E lo fa dalle pagine della prima valutazione globale sul degrado del suolo. Il rapporto è stato redatto dalla Intergovernmental Science-Policy Platform on Biodiversity and Ecosystem Services (IPBES) e presentato lunedì 26 marzo a Medellín, in Colombia. È il frutto di ben tre anni di lavoro da parte di oltre 100 scienziati e mira a fornire dati puntuali su una minaccia meno nota rispetto al cambiamento climatico e alla perdita di biodiversità, ma strettamente connessa ad entrambe e già oggi responsabile di forti ripercussioni a livello economico e sociale.
Attualmente, infatti, la crisi del suolo colpisce circa 3,3 miliardi di persone, costando al mondo addirittura il 10 per cento del PIL globale. Il Global Land Outlook aveva fornito le prime stime: le pressioni antropiche stanno mandando in fumo 24 miliardi di tonnellate di terreno fertile l’anno. Senza misure correttive la situazione è destinata a precipitare. “Man mano che la terra diminuisce e le popolazioni aumentano, questo problema diventerà sempre più difficile da risolvere”, spiega Robert Scholes, co-presidente della valutazione IPBES assieme al dott. Luca Montanarella.

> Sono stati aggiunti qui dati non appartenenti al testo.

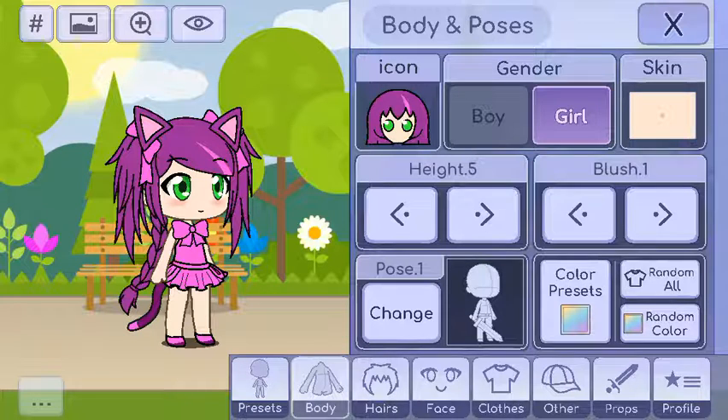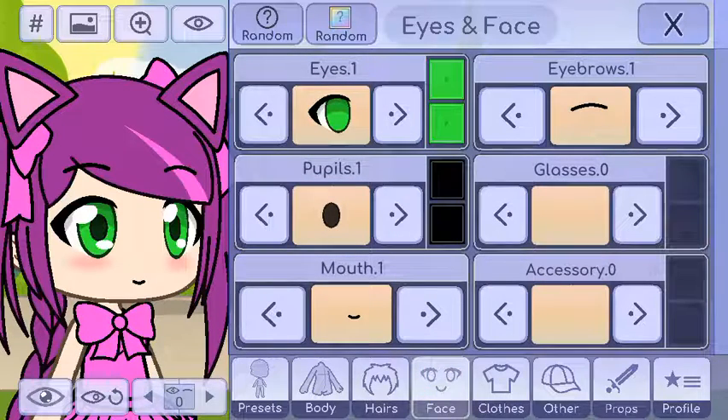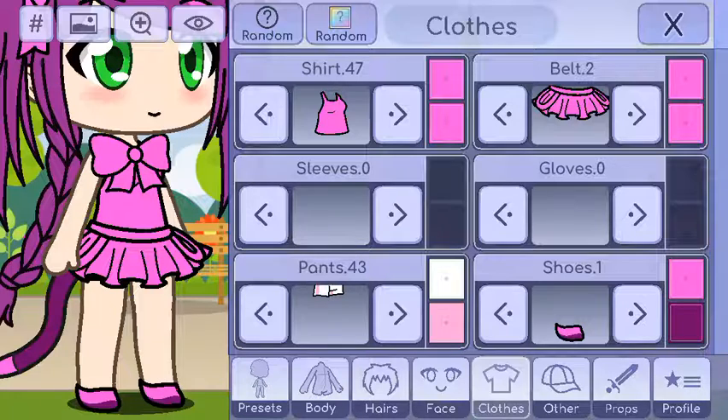She has the same skin as me. She has purple hair with a little bit of pink, with bows in it and a braid. She has green eyes with a black pupil — she's the only one that has pupils. She wears a pink tank top and a pink skirt.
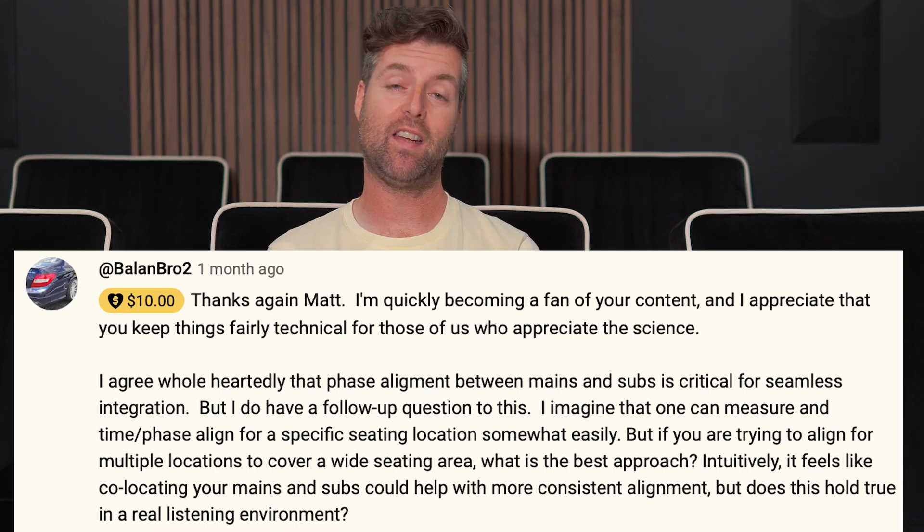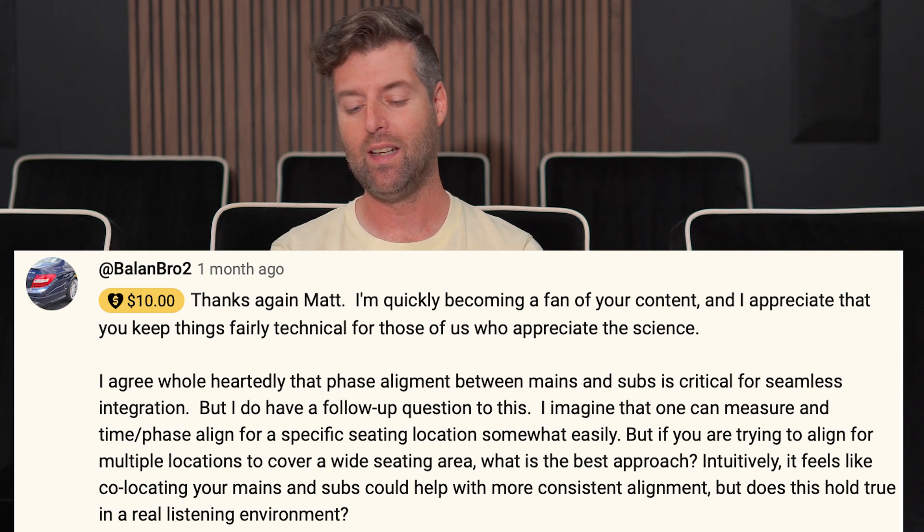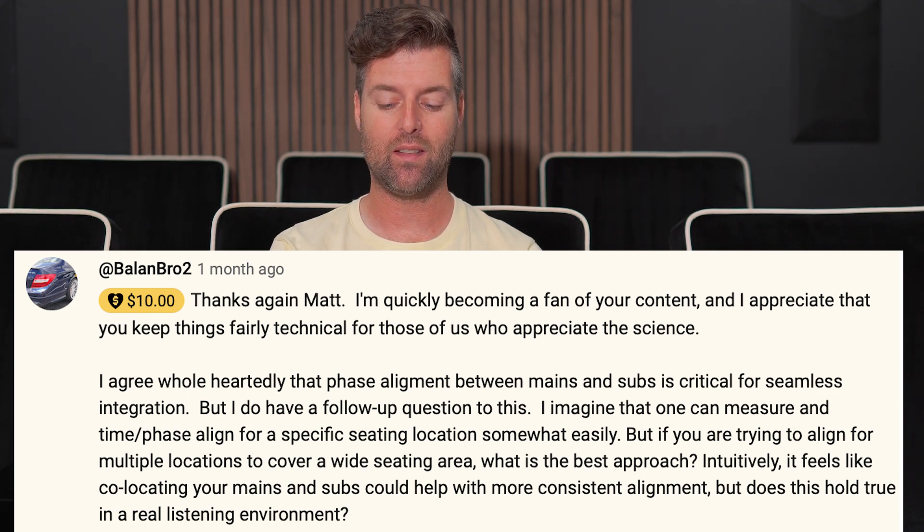Hi, this is Matthew Pose of Pose Acoustics, and I'm answering questions from fans. From Balinbro2, who gave $10 — thank you very much. He says he's quickly becoming a fan of my content, and he appreciates that I keep things fairly technical for those of us who appreciate the science.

Gli scienziati avevano già puntato il dito contro il responsabile principale, ossia il settore agricolo che, tra pratiche insostenibili, colture intensive e land grabbing, sta accelerando fenomeni di desertificazione e improduttività. A fine 2014, oltre 1,5 miliardi di ettari di ecosistemi naturali risultavano convertiti in terre coltivabili e oggi campi e pascoli coprono ora più di un terzo della superficie terrestre. Ma il documento della piattaforma ONU va oltre, portando sotto i riflettori su i fattori antropici dannosi.
Meno del 25% della superficie terrestre è sfuggito ai danni dell’attività umana e per il 2050, gli esperti IPBES stimano che questo valore sarà sceso sotto il 10%. Il rapporto afferma che l’aumento della domanda alimentare e di biocarburanti porterà probabilmente a una continua crescita degli apporti di sostanze nutritive e chimiche e uno spostamento verso sistemi di produzione zootecnica industrializzati, raddoppiando l’uso di pesticidi e fertilizzanti entro il 2050. Un attacco su tutti i fronti che, aggiunge Scholes, “sta spingendo il pianeta verso una sesta estinzione di massa”.
Non solo. “Tra poco più di tre decenni, si stima che 4 miliardi di persone vivranno in terre siccitose”, conclude Scholes. “A quel punto è probabile che il degrado della terreno, insieme ai problemi strettamente correlati dei cambiamenti climatici, costringerà 50-700 milioni di persone a migrare. Inoltre, la diminuzione della produttività del suolo rende le società più vulnerabili all’instabilità sociale, in particolare nelle zone aride, dove anni con precipitazioni estremamente basse sono stati associati a un aumento fino al 45% in conflitti violenti”.